L'article 3 3) énonce les motifs permettant de conclure qu'une mesure disciplinaire est "injustifiée". Il s'agit principalement des sanctions disciplinaires imposées aux travailleurs parce qu'ils: refusent de participer à une grève ou à d'autres actions semblables; encouragent ou aident une autre personne à refuser de participer à de telles actions; et se plaignent qu'un syndicat ou un représentant syndical a commis un acte illégal ou se propose de le faire.
La commission rappelle que l'un des droits fondamentaux garantis par l'article 3 de la convention est le droit des organisations de travailleurs et d'employeurs d'élaborer leurs statuts et règlements administratifs, sans aucune ingérence susceptible de restreindre ce droit ou d'en entraver l'exercice légitime. Il est évident que des dispositions interdisant aux syndicats de donner effet à leurs règlements adoptés démocratiquement sont a priori incompatibles avec ce droit. L'article 3 de la loi de 1988 a manifestement cet effet et, pour cette raison, n'est pas compatible avec l'article 3 de la convention.
Néanmoins, la commission estime que le droit des organisations d'élaborer leurs statuts et leurs règlements doit s'exercer dans le respect des droits fondamentaux de l'homme et de la législation nationale (tout en tenant compte du fait que l'article 8 2) de la convention précise que la législation nationale ne devra porter atteinte ni être appliquée de manière à porter atteinte aux garanties prévues par la convention). Cela signifie qu'une législation ne serait pas incompatible avec la convention si elle disposait que les règlements du syndicat ne doivent pas contenir de clauses discriminatoires contre les membres ou des membres potentiels, en raison de la race ou du sexe. Les mêmes commentaires s'appliquent en ce qui concerne les dispositions (tel l'article 3 3) c) de la loi de 1988) prévoyant que les syndicats ne peuvent imposer de sanctions disciplinaires aux membres qui, de bonne foi, prétendent que leur syndicat a transgressé ses propres règlements ou la législation nationale. Toutefois, la commission estime également que la nature et la portée des empiètements législatifs sur l'autonomie syndicale doivent se limiter strictement à ce qui est absolument nécessaire pour atteindre ces objectifs - faute de quoi les droits garantis par l'article 3 n'auraient aucun effet en pratique. Par conséquent, les membres des syndicats devraient avoir le droit, lorsqu'ils élaborent leurs statuts et leurs règlements, de déterminer s'il est possible d'imposer des sanctions disciplinaires à ceux de leurs membres qui refusent de participer aux grèves et aux autres types d'actions légales, ou qui tentent de persuader des travailleurs syndiqués de refuser d'y participer, pour que les garanties établies à l'article 3 soient respectées. L'article 3 de la loi devrait être modifié de façon à tenir compte de ce point de vue.

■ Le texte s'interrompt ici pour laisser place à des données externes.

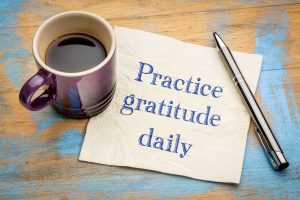 a napkin with the words, "practice gratitude daily? on a wooden tabletop with a cup of coffee and a pen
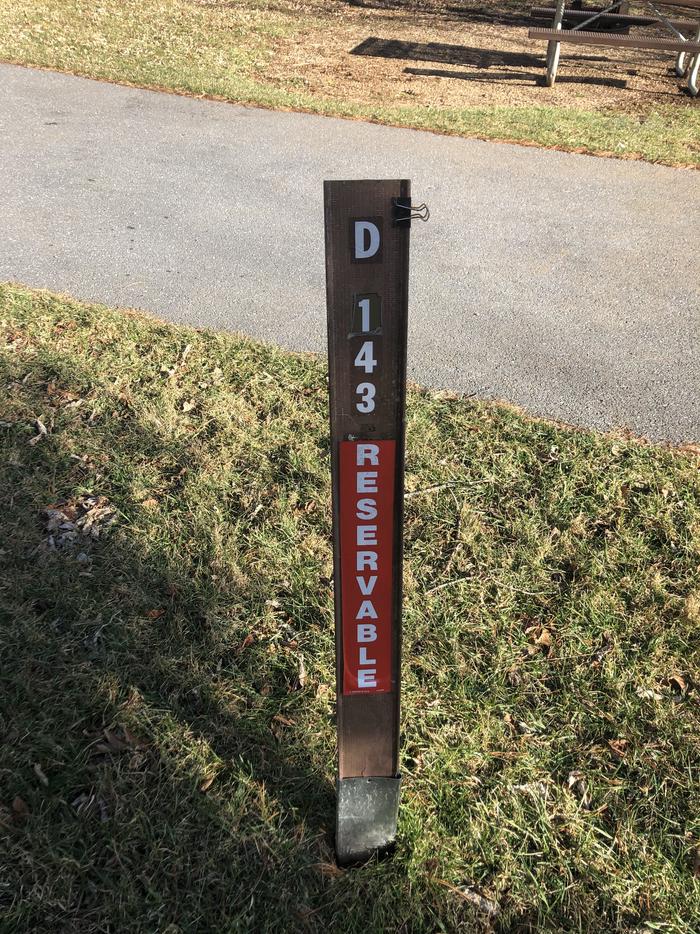 Site marker for D143: If you reserve this site, your camping pass will be attached to this marker.  When you check out, drop your pass at the registration office.If you reserve this site, your camping pass will be attached to this marker.  When you check out, drop your pass at the registration office.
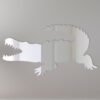 Reflective crocodile-shaped sign with mirror finish.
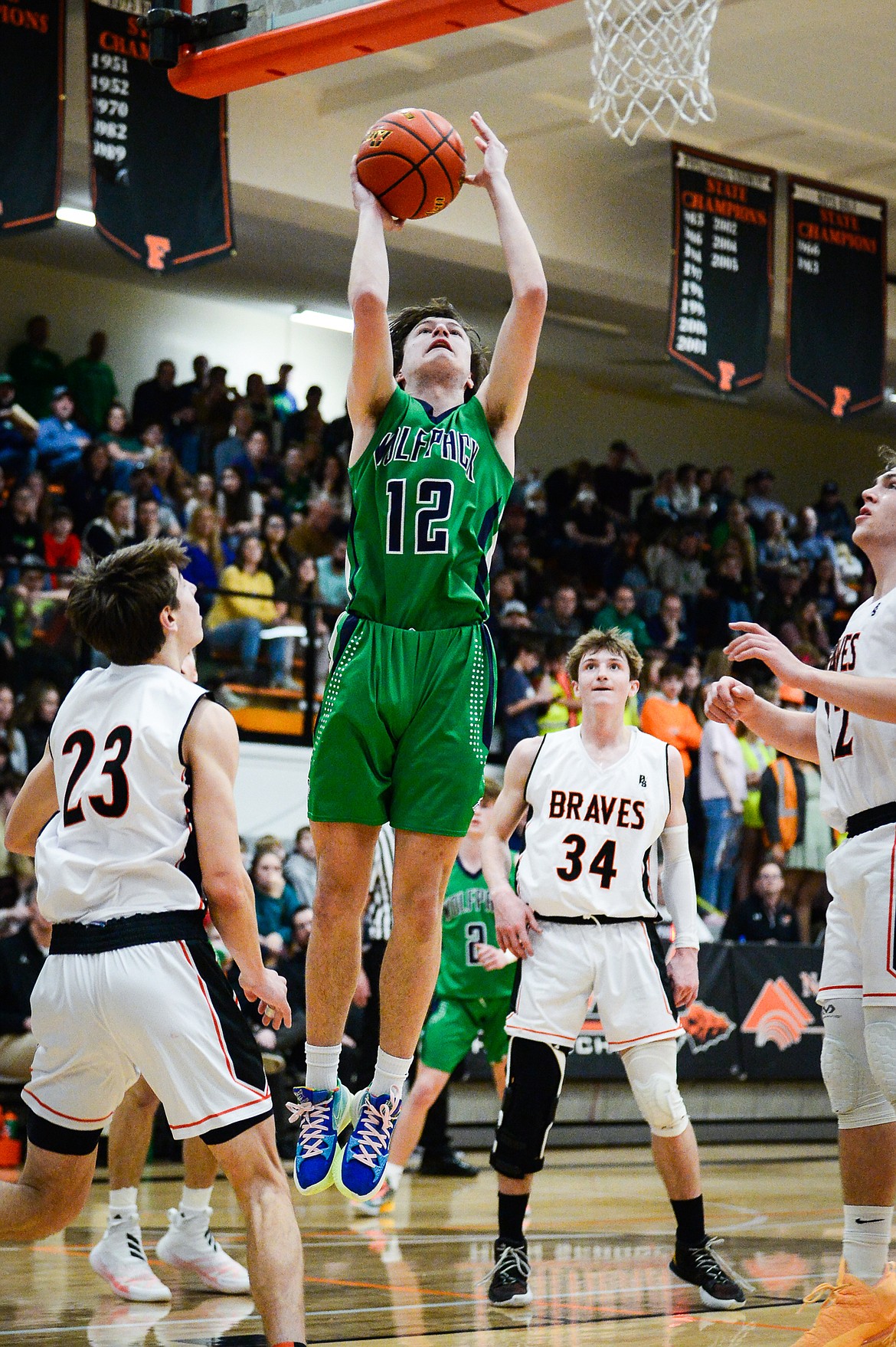 Glacier's Kyson Wagner (12) drives to the basket against Flathead at Flathead High School on Friday, Jan. 21. (Casey Kreider/Daily Inter Lake)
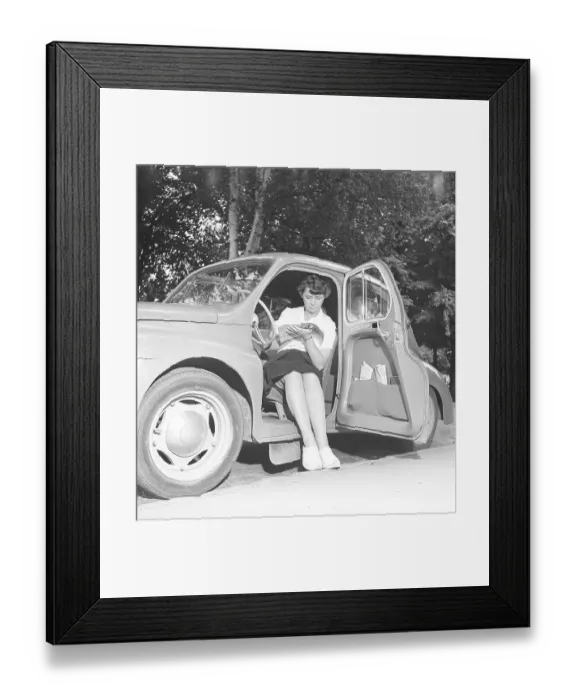 Framed Print : In the 1950s. A woman in the drivers seat of a small car reading a book. 1950 Kristoffersson ref AZ65-6 Framed Print : In the 1950s. A woman in the drivers seat of a small car reading a book. 1950 Kristoffersson ref AZ65-6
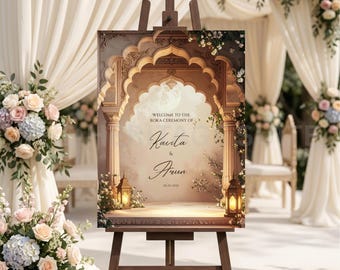 May include: A wooden easel displays a wedding welcome sign. The sign features an ornate arch design with the names "Kavita & Arun" and the date. Lanterns and floral arrangements flank the sign, with the text "Welcome to the Roka Ceremony of".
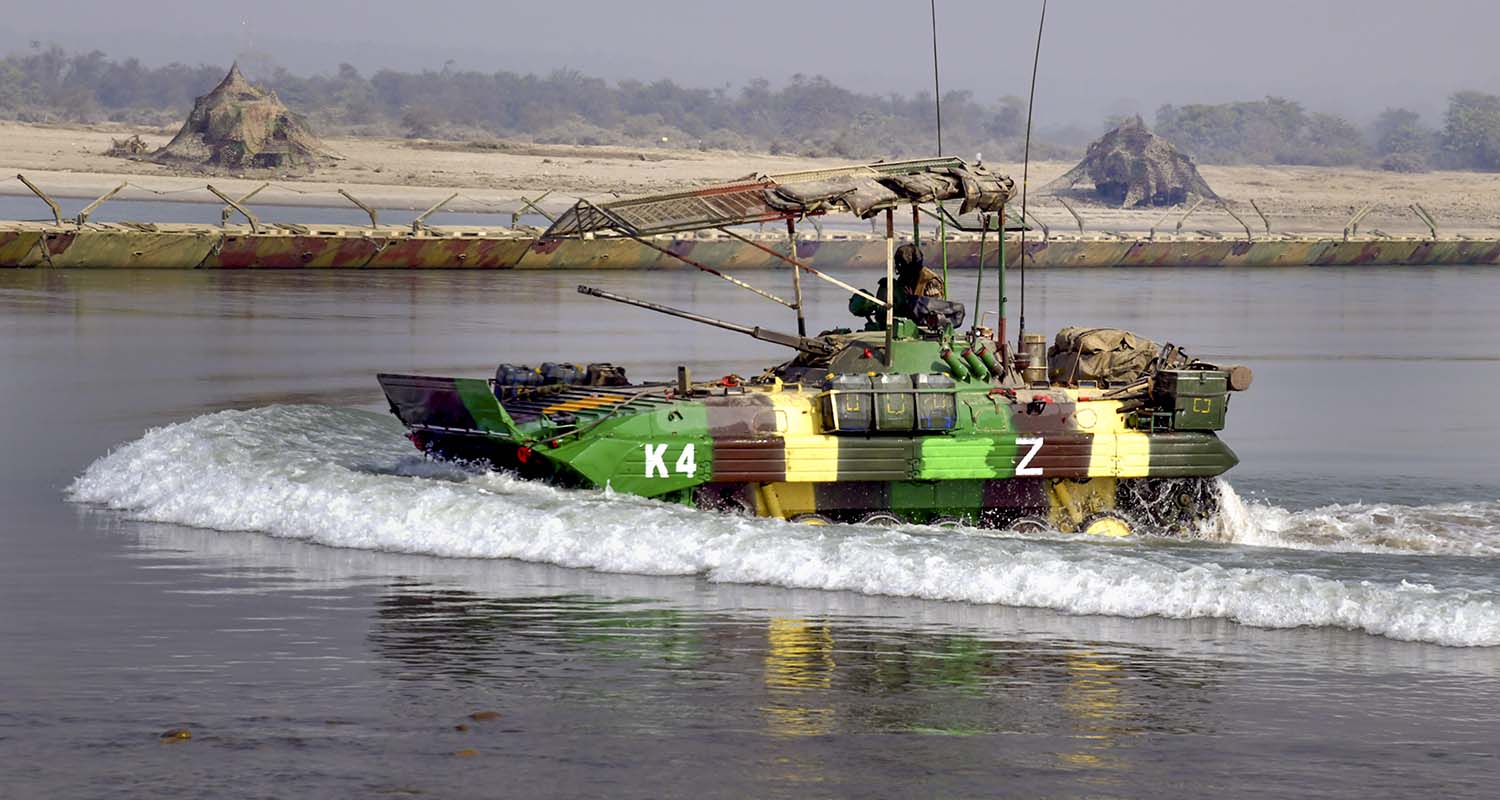 An Army personnel drives an amphibious armoured vehicle through a water body during exercise ‘Ram Prahar’ led by the Western Command at Jhilmil Lake Reserve Forest, in Haridwar, Uttarakhand, on Saturday.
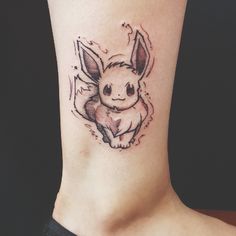 a small tattoo on the ankle of a woman's leg with a little bunny in it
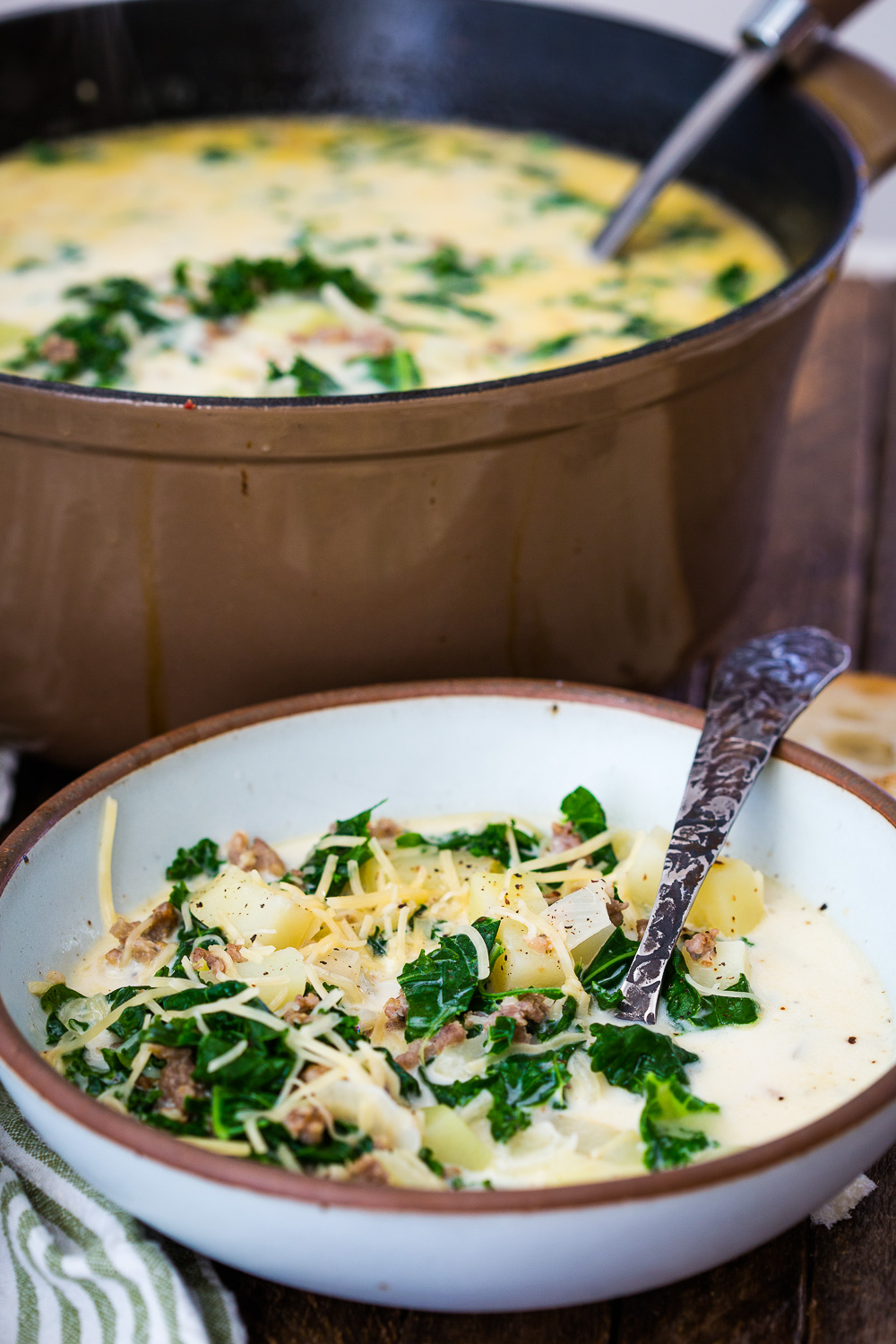 A big pot and bowl og zuppa toscana, a delicious creamy soup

d) Indemnisation des membres et représentants des syndicats. La commission note que l'article 8 de la loi de 1988 dispose qu'un syndicat ne peut utiliser ses fonds pour indemniser une personne à l'égard de toute sanction qui pourrait lui être imposée en raison d'une infraction ou d'un outrage au tribunal. Cette interdiction s'applique même si les statuts d'un syndicat contiennent une disposition permettant expressément une telle indemnisation et lorsque l'infraction ou l'outrage au tribunal ont été commis sur les instructions expresses du syndicat lui-même.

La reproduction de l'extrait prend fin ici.